JJ: We love supporting our communities. Some of the ways we do that are by donating to local food pantries and schools. We also started the Dallas ISD field trip fund back in 2016 to support educational field trips for schools in need.

FWBP: How does this fit with the overall marketing strategy?

JJ: Good old-fashioned customer service is one of the ways we stand out from the competition. Helping our community save money on healthy food and helping local farms simply falls in line with our commitment to provide exceptional service to our community.

FWBP: At a time when competition is more intense than ever because of inflation and supply chain demands, is it also more important than ever to display a social conscience?

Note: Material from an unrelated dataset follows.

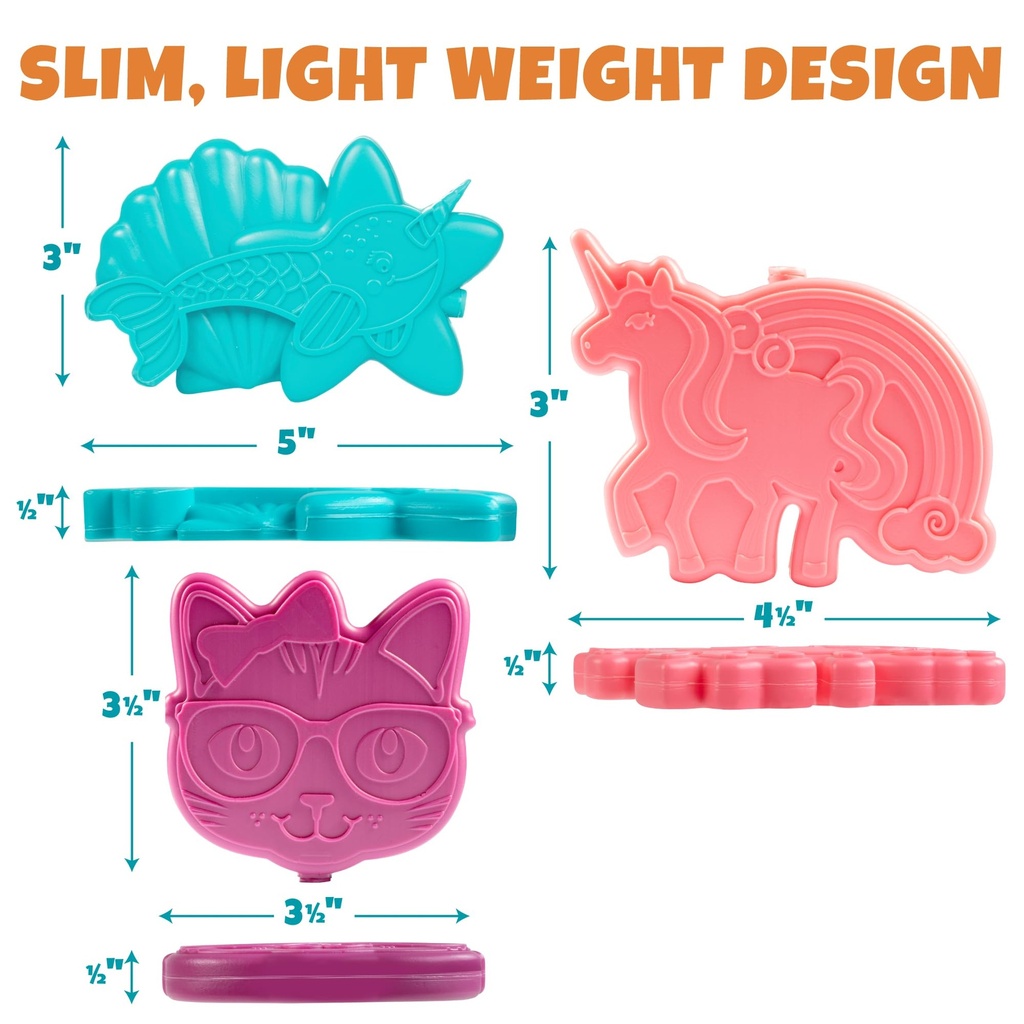 kids-hard-ice-packs-3-pk-slim-lightweigh-4.jpg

JJ: We don’t believe in just displaying a social conscience – we believe in showing it through action. The Double Up Bucks program and Culled Produce initiative is one of the ways we actively do that.

FWBP: Is it easier to do this because the chain is local?

JJ: Local helps, but also being family-owned and operated with a community-driven mindset is key. We are who we are because of our many creative and dedicated team members that have become a part of the G.E. Foodland, Inc. family. We have many team members that have been with us 10, 20, and even 30-plus years.

FWBP: Right now it’s the three Fort Worth stores, but is there consideration about expanding these programs elsewhere?

JJ: Yes, we would love to be able to have these programs at all our locations and are actively looking for ways to make that possible.

FWBP: Any additional thoughts/comments?

JJ: We want to give a big thank you to Blue Zones Project for helping us achieve our goals to bring the Double Up Food Bucks to our North Texas family and neighbors and for their help with the logistics for the composting program. Without their support none of this would be possible.